Jun
27
Human and Gas Smuggling in the Wilds, from Bo Keely
June 27, 2014 |
I went to Puerto Maldonado, Peru in the Amazon to evaluate Haitians traffic into Brazil and was stymied by a planned gas crisis.
I'm sitting in a 30' riverboat at the town's ghost port fishing information about the Haitians from the captain, a tour guide, lovely senorita in a halter top, and an observant five-month Tamarin Pocket Monkey (Saguinus fuscicollis) that resembles a squirrel with a human head and a golden mane of a lion. The keen boy is one pound of Olympic gymnast with a prehensile tail, and quickly opens my hardcover of L. Ron Hubbard's worthy The Problems of Work to chapter one and hides between the pages. I tweak its tail, and he makes a face before diving into a subsequent chapter, and so on through the book. The little wiggle is ADD from sipping the guide's soda and captain's beer, as well as eating anything sweet you hand it. Finally, he exits the book and scampers to perch on the captain's shoulder as he describes the human smuggling.
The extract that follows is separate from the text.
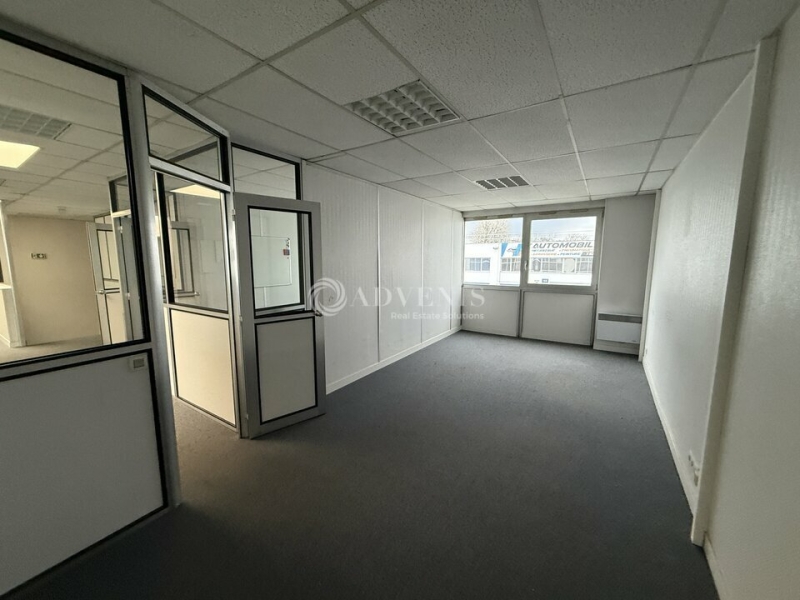 Location Bureaux CHAMPS SUR MARNE (77420) - Photo 5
"Ha!" exclaims the skipper, as the others nod in agreement. "Don't believe what you read about the Haitians. There is zero in Puerto Maldonado, however for the past three years about fifty of the nice people go in transit daily through town and for 200km as the parrot flies to the frontier. It started when the earth shook…" In 2010, the catastrophic earthquake that crippled Haiti's economy sent a tsunami of refugees flying into Quito, Ecuador, a country known for its lax immigration policies, where daily they board buses and pass along National Geographic's Highway of Dreams up over the 15,000´ Andes, through rainforest Puerto Maldonado, and three hours more by coyote vans (to the tune of $1000 per refugee) to the border. Once in Brazil, the immigrants are welcomed to plenty of farm and town menial labor. The situation is a model of the daily flux of Latin illegals into USA. Last month the BBC said an estimated 5,600 immigrants have arrived in Brazil since 2011, however the articles I had read claimed tens of thousands have arrived with Brazil as the popular choice as Latin America's largest economy.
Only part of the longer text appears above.